• [Data excerpts]

----

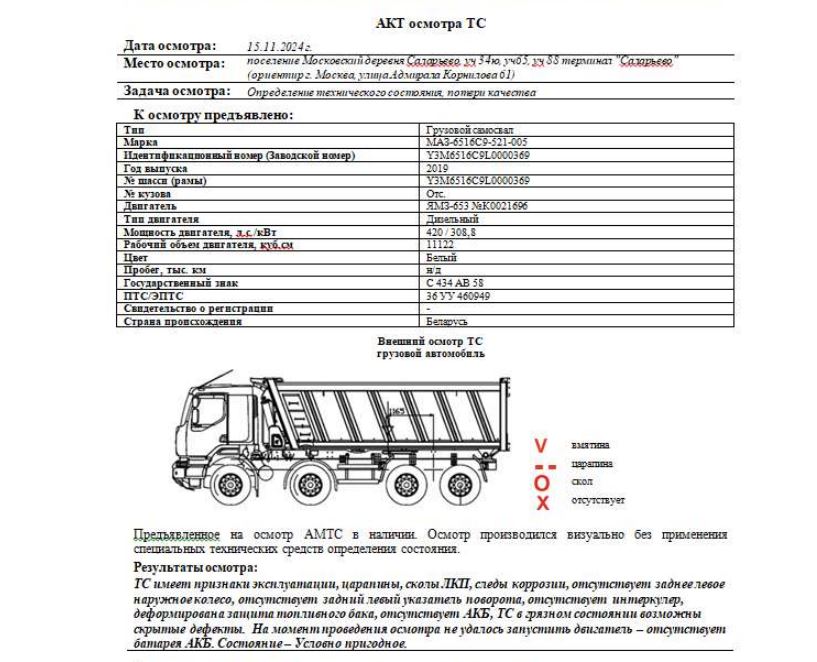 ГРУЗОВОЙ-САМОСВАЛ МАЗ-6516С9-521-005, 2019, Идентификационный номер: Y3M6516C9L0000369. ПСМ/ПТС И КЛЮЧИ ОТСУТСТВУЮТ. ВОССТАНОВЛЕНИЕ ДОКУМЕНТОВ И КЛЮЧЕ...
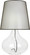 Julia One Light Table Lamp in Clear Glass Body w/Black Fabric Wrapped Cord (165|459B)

----

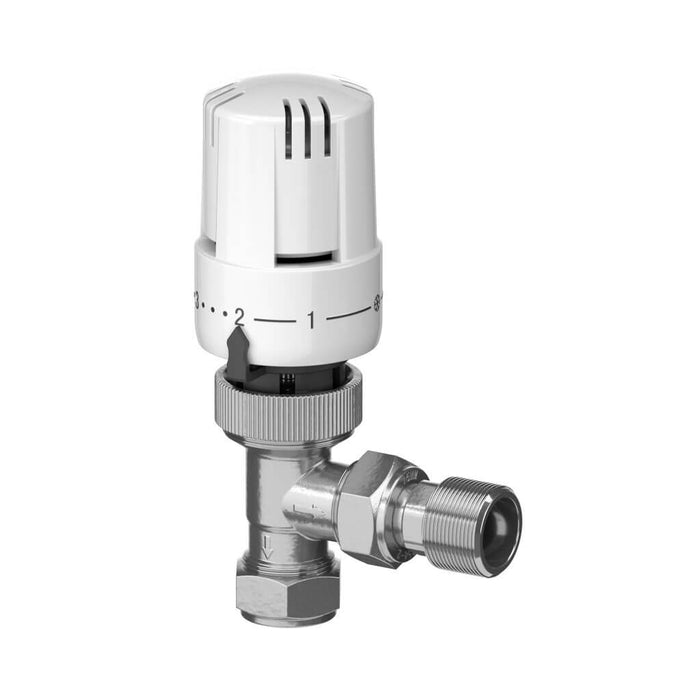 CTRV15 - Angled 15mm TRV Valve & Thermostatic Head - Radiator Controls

----

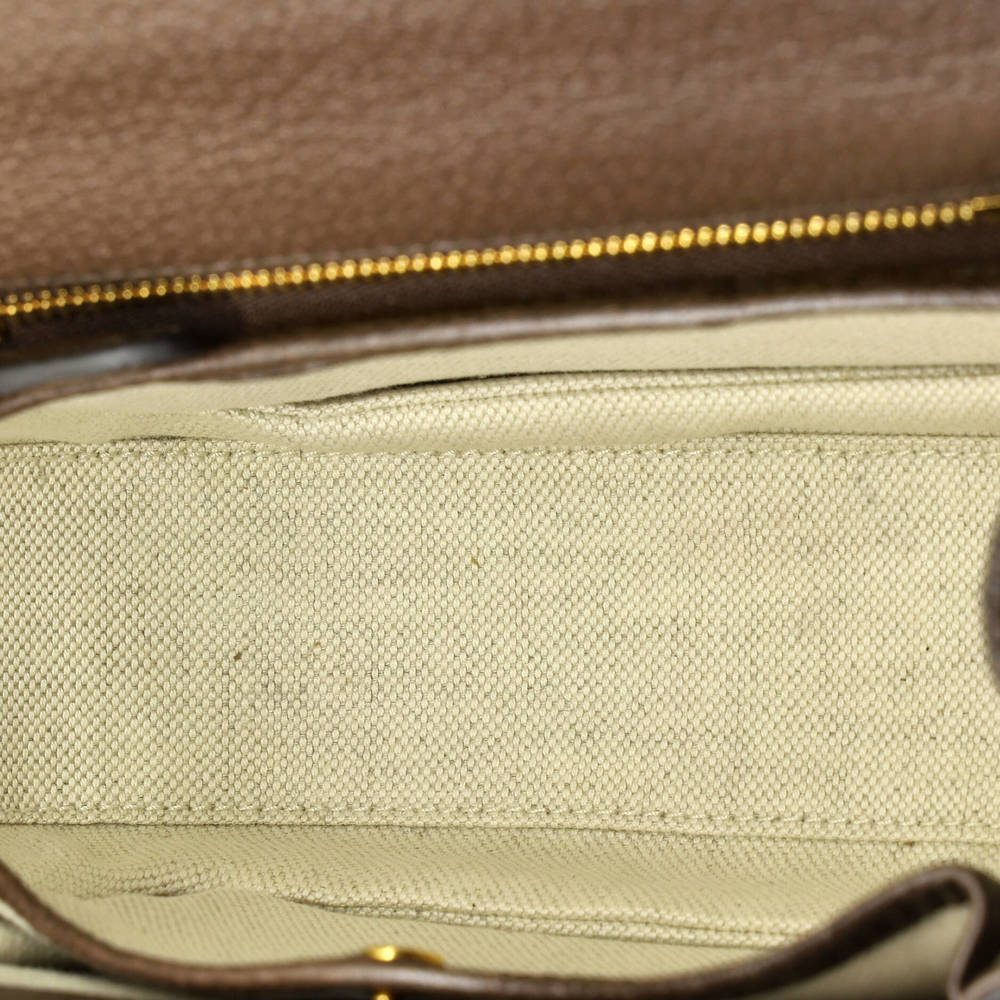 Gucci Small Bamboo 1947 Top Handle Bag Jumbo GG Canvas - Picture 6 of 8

----

• [What is expected] Leaving each picture behind, please give again exactly the lines above from the one with "ГРУЗОВОЙ-САМОСВАЛ МАЗ-6516С9-521-005, 2019, Идентификационный" through the one with "Julia One Light", both included, and no others.

• [Solution for this task]
 ГРУЗОВОЙ-САМОСВАЛ МАЗ-6516С9-521-005, 2019, Идентификационный номер: Y3M6516C9L0000369. ПСМ/ПТС И КЛЮЧИ ОТСУТСТВУЮТ. ВОССТАНОВЛЕНИЕ ДОКУМЕНТОВ И КЛЮЧЕ...
 Julia One Light Table Lamp in Clear Glass Body w/Black Fabric Wrapped Cord (165|459B)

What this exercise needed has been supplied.